Recently, I caught up with a friend from university. In the 20 years since we met, he’s pursued a career as an academic scientist. I have become a commercial barrister. Over coffee, my friend was surprised that I was planning on doing a few hours work later that day (a Sunday). He asked when things would change so that I could write a history book (his understanding being that this was part of the natural career progression at the bar).

Once I’d finished making flippant comments about his charming but possibly old-fashioned perception of the bar, I paused to think. Could or should I want to work fewer days in the week? Did I have to work at a weekend?

Working hours are a hot topic generally. Articles about the four-day week and the benefits of a taking breaks from work have been popping up in the press. There have been two recent reports on the topic; one from the think-tank Autonomy “The Shorter Working Week” and one analysing a four-day week pilot conducted by Perpetual Guardian, a New Zealand financial services company.

Moreover, in January 2019 Richard Atkins QC, chair of the Bar gave an interview to The Times in which, as the headline put it, he “…calls for end of email tyranny”. While he mostly had the criminal bar in mind, his remarks were not limited to those practitioners. Few could disagree with his observations that “technology is very good but it does suck us into a 24/7 365 days a year culture,” and that “there is a danger that we are expected to be on parade 24 hours a day, seven days a week and that isn’t good for anybody.

Finally, I looked at the Bar Council’s 2017 Working Lives survey. Even[1] in purely chancery or commercial areas some 40% of respondents were unable to agree with the statement “I am happy with my working hours”. The survey and anecdotal evidence suggests that the problem is long or unpredictable hours. I therefore asked myself, could the four-day week bring benefits for the self-employed bar? What other solutions might there be?
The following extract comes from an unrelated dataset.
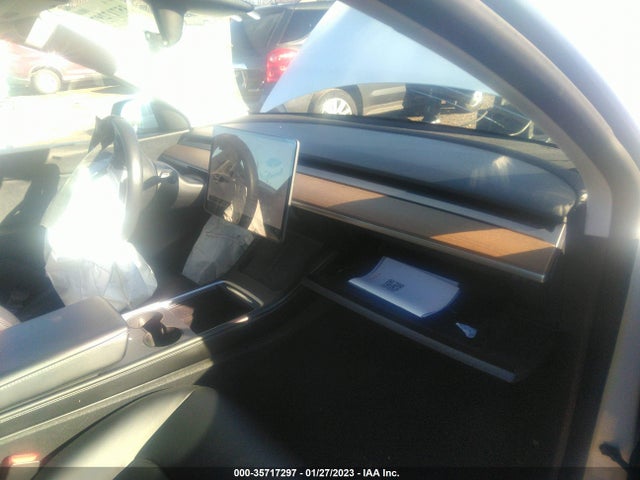 Tesla Model Y 2021 5YJYGAEE3MF196239 Image 5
Is the four-day week a solution?

The recent Perpetual Guardian trial showed that there had been no reduction in output and that employees were happier with improved work-life balance. The employees worked fewer days but the reward for the employer remained the same. The full benefits of the four-day week do not, however, translate perfectly to the self-employed sphere (indeed, the Autonomy report which advocates a four-day week refers to the self-employed only once). There are financial and logistical issues.

Other than for trial work, much work at the self-employed commercial bar is remunerated with an hourly rate. It is not possible simply to work less but maintain the same fee income. The advantage of improved productivity cannot exist.

Even if a barrister were to choose to exchange time for money, there are also significant logistical challenges to a four-day week. Notably, hearings are fixed for every day of the week. That’s not to say it’s impossible to work a four-day week and I know one or two barristers who do so successfully. However, some flexibility is required if full week hearings are to be accommodated. For most people the four-day week is not likely to be the answer to their unhappiness with working hours.

How else can working hours be controlled?                                                                

The simple way to avoid too much work is just to say no. That may not be realistic. As Riaz Hussain QC observed in his blog, there is always the fear of work famine and, sometimes, it’s just not easy to predict how long a task will take.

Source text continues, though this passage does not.